Content starts

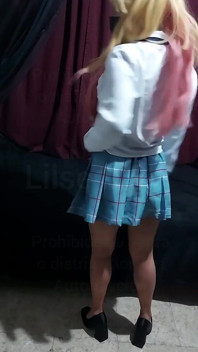Otaku ile Marin Cosplay Mastürbasyon Yapıyor Anal
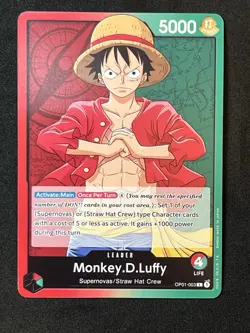 ONE PIECE Romance Dawn OP01-003 Monkey D Luffy Leader Pre Errata 🔥🔥🔥 - Image 1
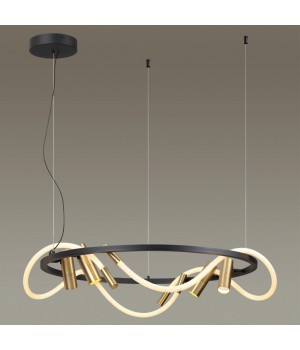 4397/55L HIGHTECH ODL23 101 черный/античная бронза/черный/металл/канат Подвесной св-к IP20 LED 50W 2020Лм 3000K CORDA-foto3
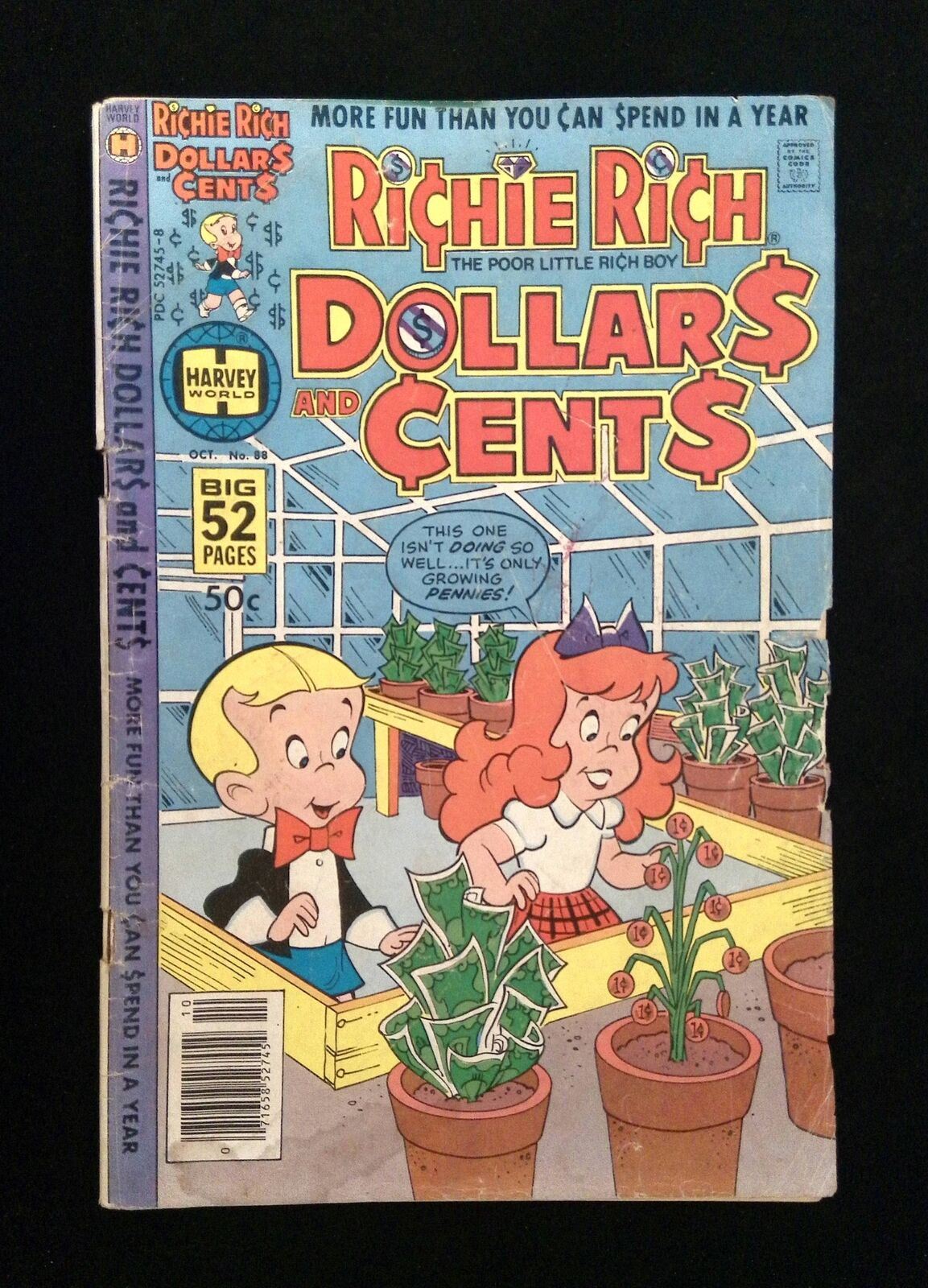 Richie Rich Dollars And Cents #88 HARVEY Comics 1979 VG- NEWSSTAND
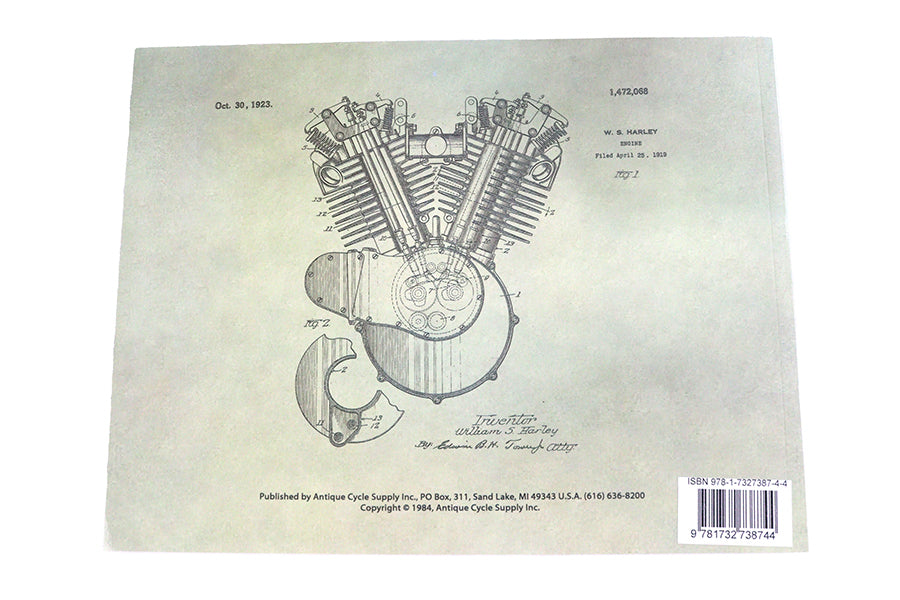 HARLEY Ersatzteilkatalog für 1909-1932 V-Twins Passend für 1909-1932 , V-Twins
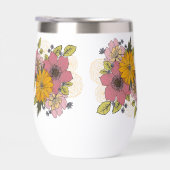 Bright Floral Boeket Tumbler (Rechts)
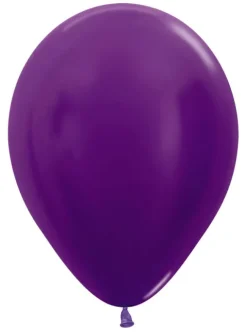 Balony Sempertex Metallic 12 cali 50 szt. Violet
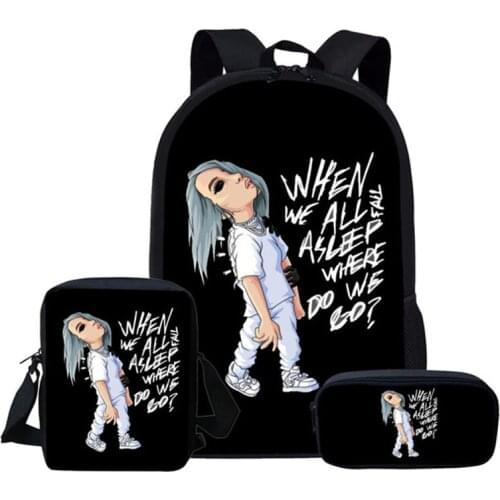 2020 New Fashion Women Backpacks Backpack Teenager Schoolbag Girls School Bags 3 Pcs/Set Fashion Mochila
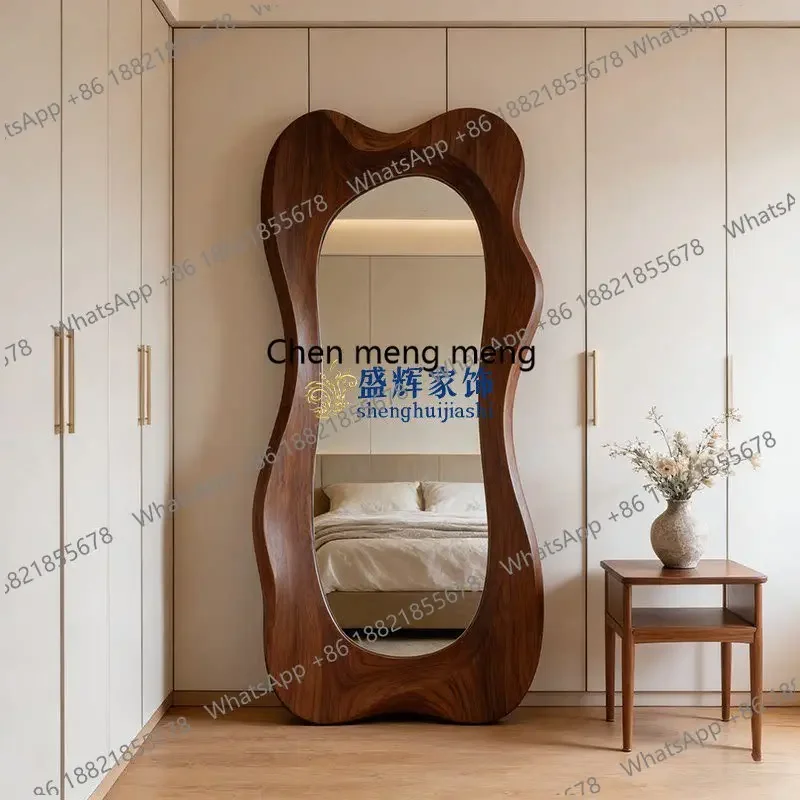 R Medieval retro style full-length mirror, living room, bedroom wall-mounted French retro, cloakroom fitting mirror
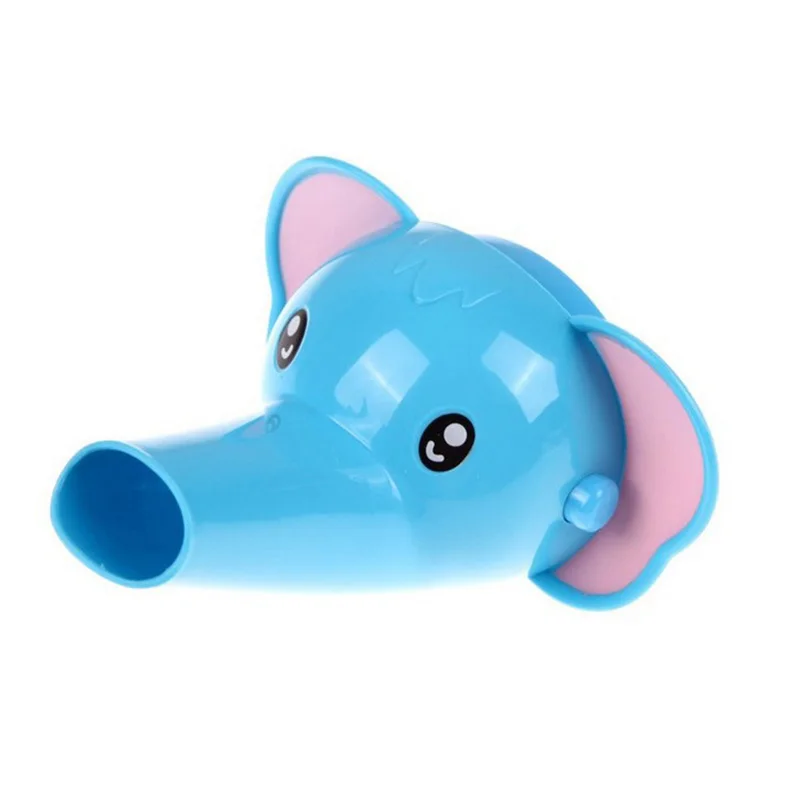 blue elephant Милые Мультяшные игрушки для мытья рук, водные игры, расширитель для детей, малышей, детей, утка, слон, помощник для мытья рук, уход за детьми - Цвет: blue elephant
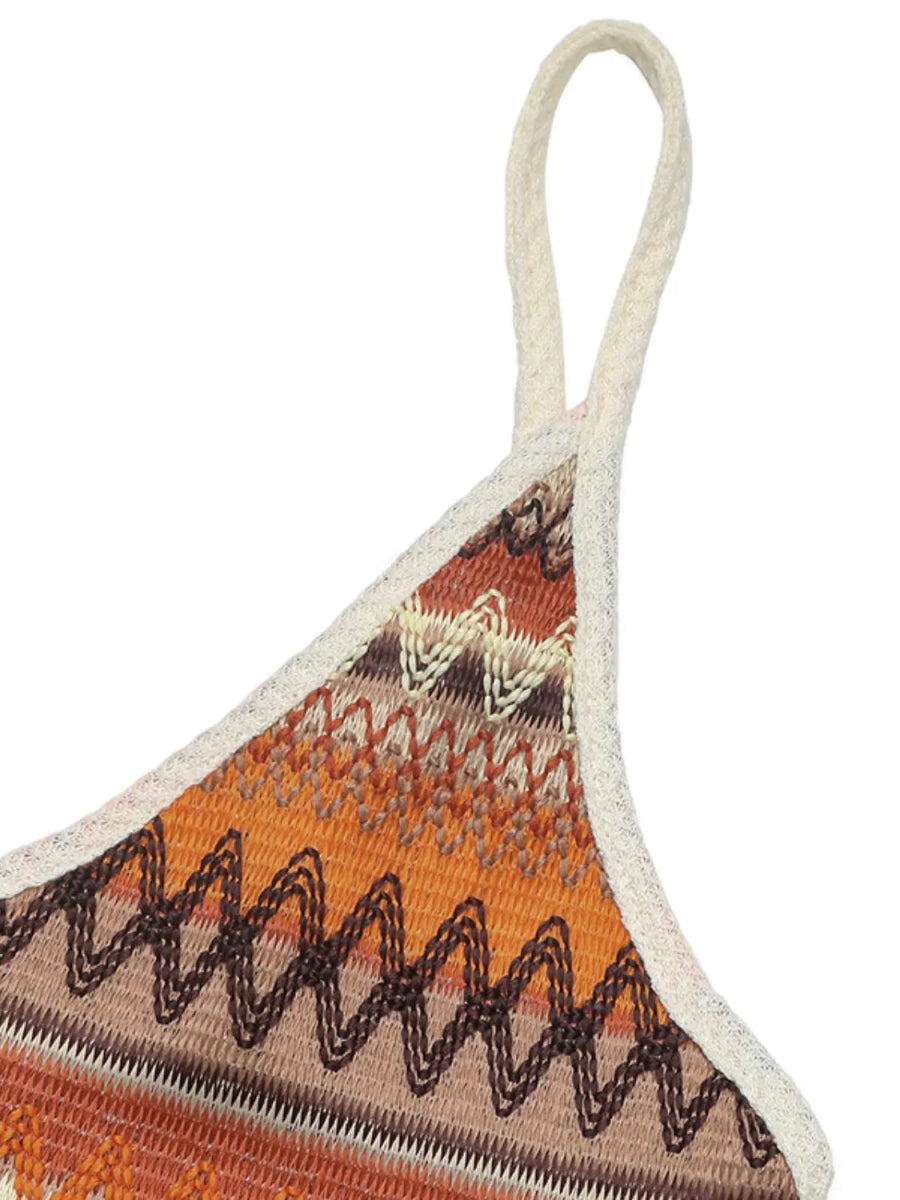 Ruffled Printed Mini Cami Dress - Body Central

Content ends

■ Work to be completed: Once you reach the line containing "R Medieval retro", print it and every line after it exactly, through the end of the entries, without any pictures.

■ The answer:
 R Medieval retro style full-length mirror, living room, bedroom wall-mounted French retro, cloakroom fitting mirror
 blue elephant Милые Мультяшные игрушки для мытья рук, водные игры, расширитель для детей, малышей, детей, утка, слон, помощник для мытья рук, уход за детьми - Цвет: blue elephant
 Ruffled Printed Mini Cami Dress - Body Central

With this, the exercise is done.